I put off my first HIV test until 1990, even though it was available years before that. Of all people, I should have been tested early. I moved to New York in 1981. I discovered the bathhouses in 1982, and I had a lot of unprotected sex during that crucial window: before anybody knew what AIDS was but when lots of people were infected. Back then, I justified my reluctance by saying that there wasn't much one could do. For a while, this was true. And back then (once we heard that "the AIDS virus" was transmitted sexually, around 1985) I was religious about condoms. We all were. No fucking without condoms. No question. That was just what one did. I was in a relationship from 1984 through 1989. My partner and I did not use condoms, but, when we had sex outside the relationship, we did. Neither of us got tested before we separated.

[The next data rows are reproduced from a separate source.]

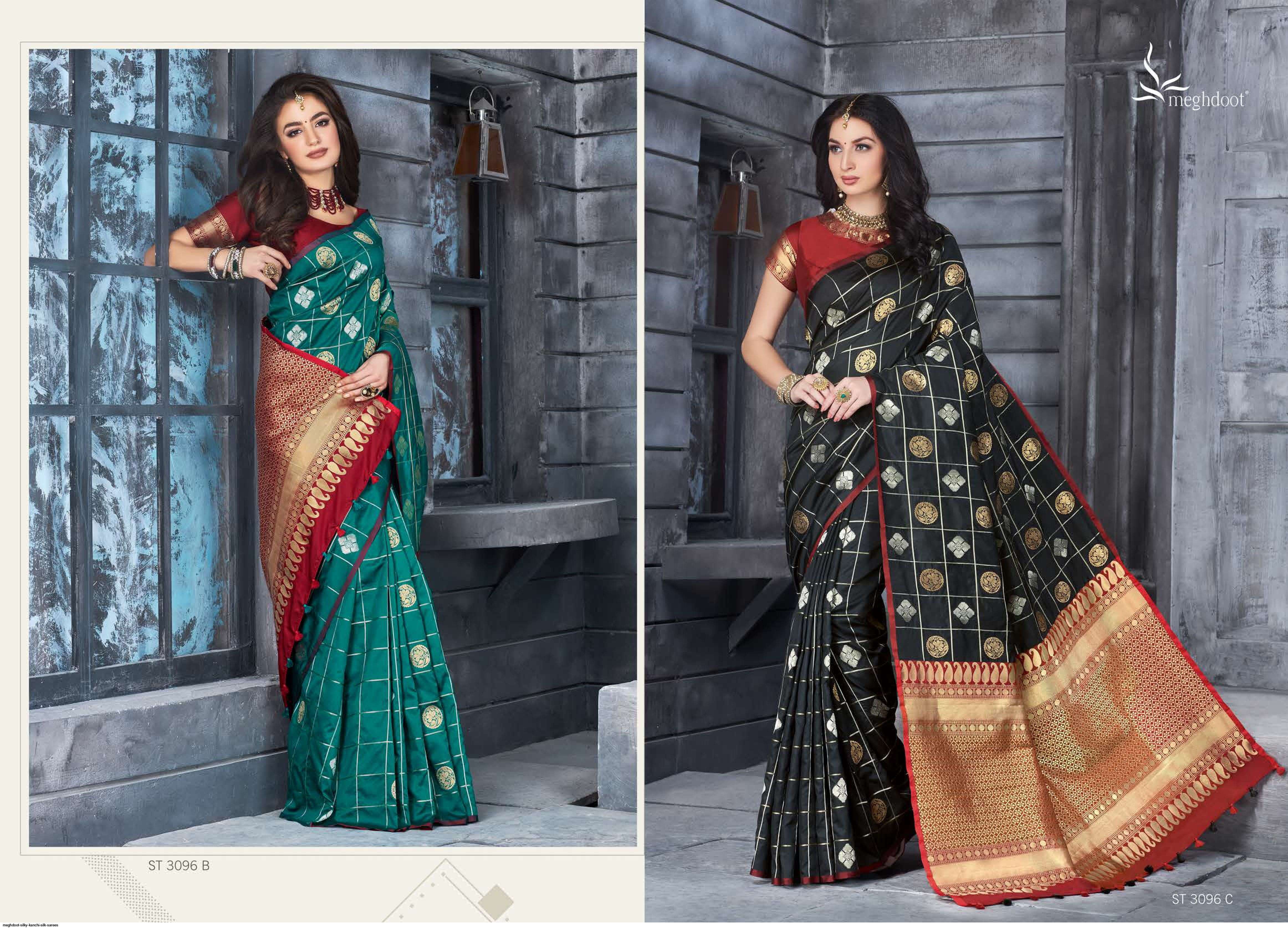 SILKY BY MOGHDOOT INDIAN TRADITIONAL WEAR COLLECTION BEAUTIFUL STYLISH FANCY COLORFUL PARTY WEAR & OCCASIONAL WEAR KANCHI SILK SAREES AT WHOLESALE PRICE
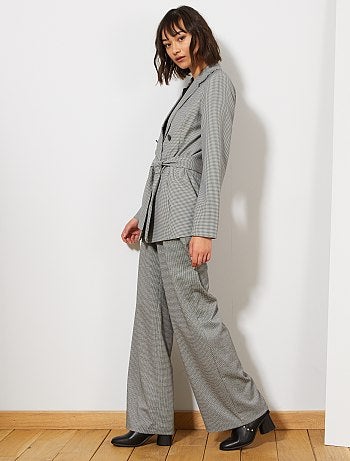 Mulher do 34 até 48 - Calças largas com suspensórios 'Príncipe de Gales' - Kiabi
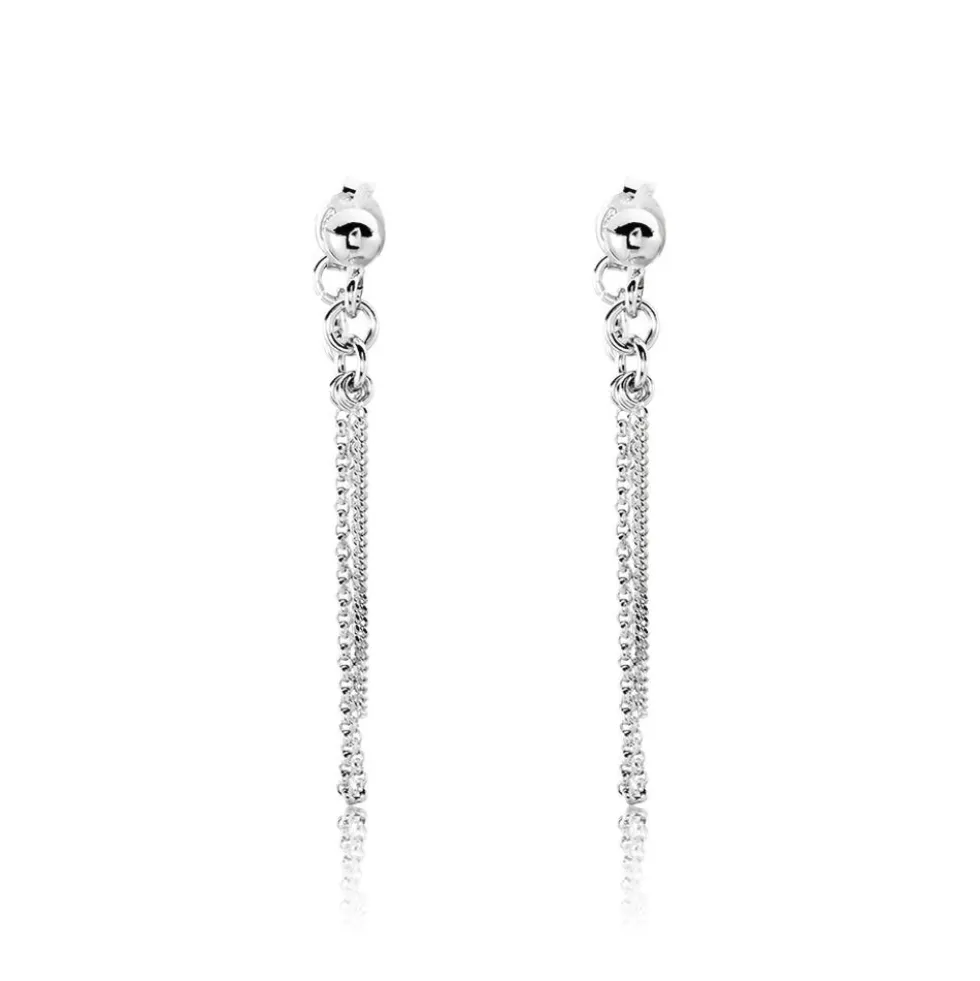 Boucles D'oreilles Pendantes Argent Blanc Novia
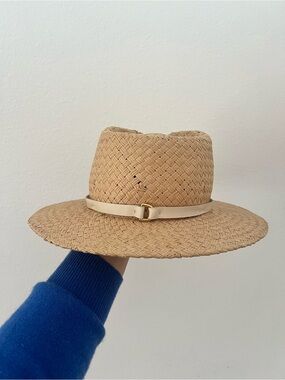 Janessa Leone Natural Straw Fedora with Cream Leathet Band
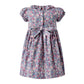 Grey & Pink Floral Smocked Dress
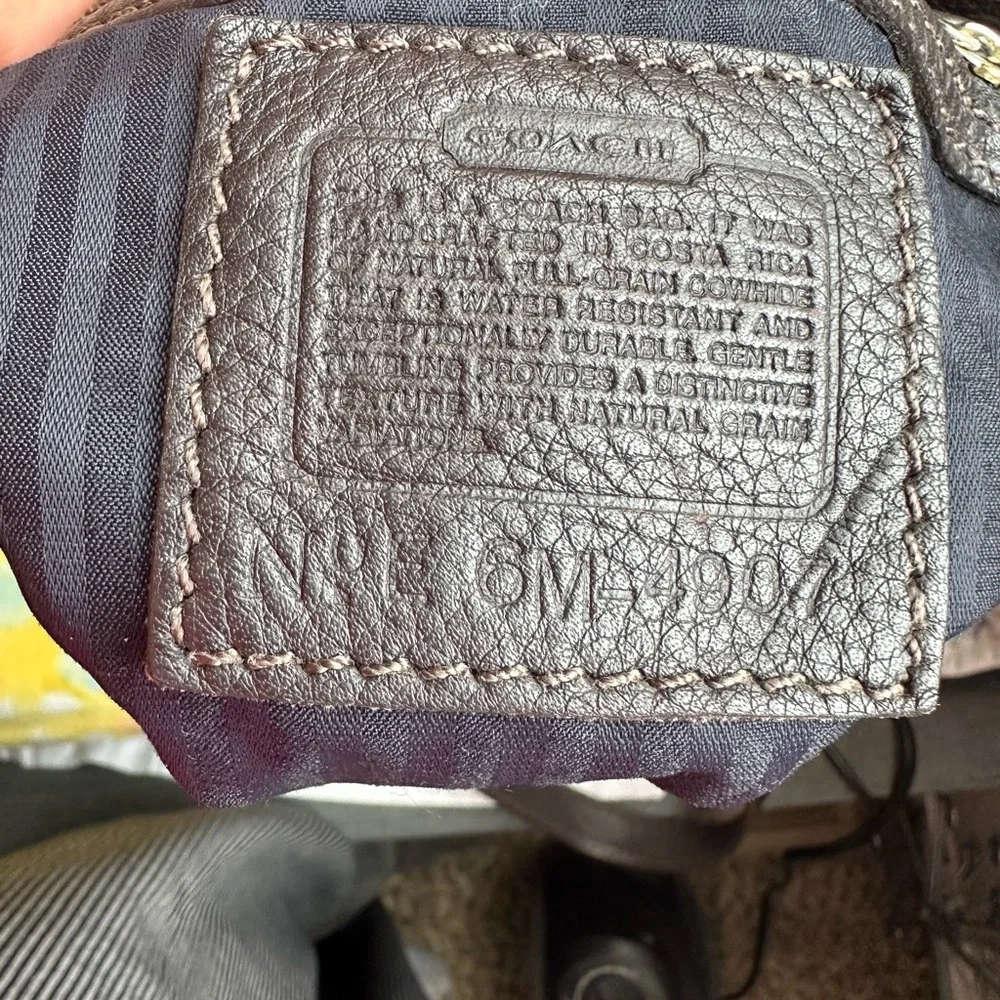 Coach brown Pebbled Leather Shoulder Bag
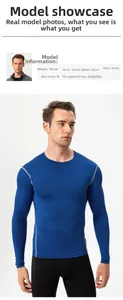 Detail of blue compression shirt with white flatlock stitching and moisture-wicking fabric
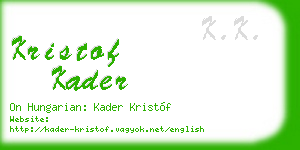 kristof kader business card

When I finally got tested, I was shocked when I found out I was negative. It didn't seem possible. I saw it as an undeserved gift. I had taken huge risks and avoided infection. I vowed to be safe always. If I had made it through my most promiscuous period in the early eighties in New York without contracting HIV, I owed it to myself to stay negative.

And that's a vow I have repeated to myself every time. Every time I have broken my rules, crossed a line, taken a risk I promised myself I wouldn't. Every time I contract some other STD and, while at the clinic, have to take an HIV test, I make the same deal with myself: "If I'm negative, I'll never do anything risky ever again." It's a bad deal. Any deal involving sexual abstinence is a bad deal. Sexual desire cannot be subjected to contracts.

This morning at the clinic they told me I didn't need to do the HIV test since I had tested so recently. They treated me for the other thing and sent me home feeling like a disappointing child.

I want to give up sex. For a while. I don't want to feel that feeling again.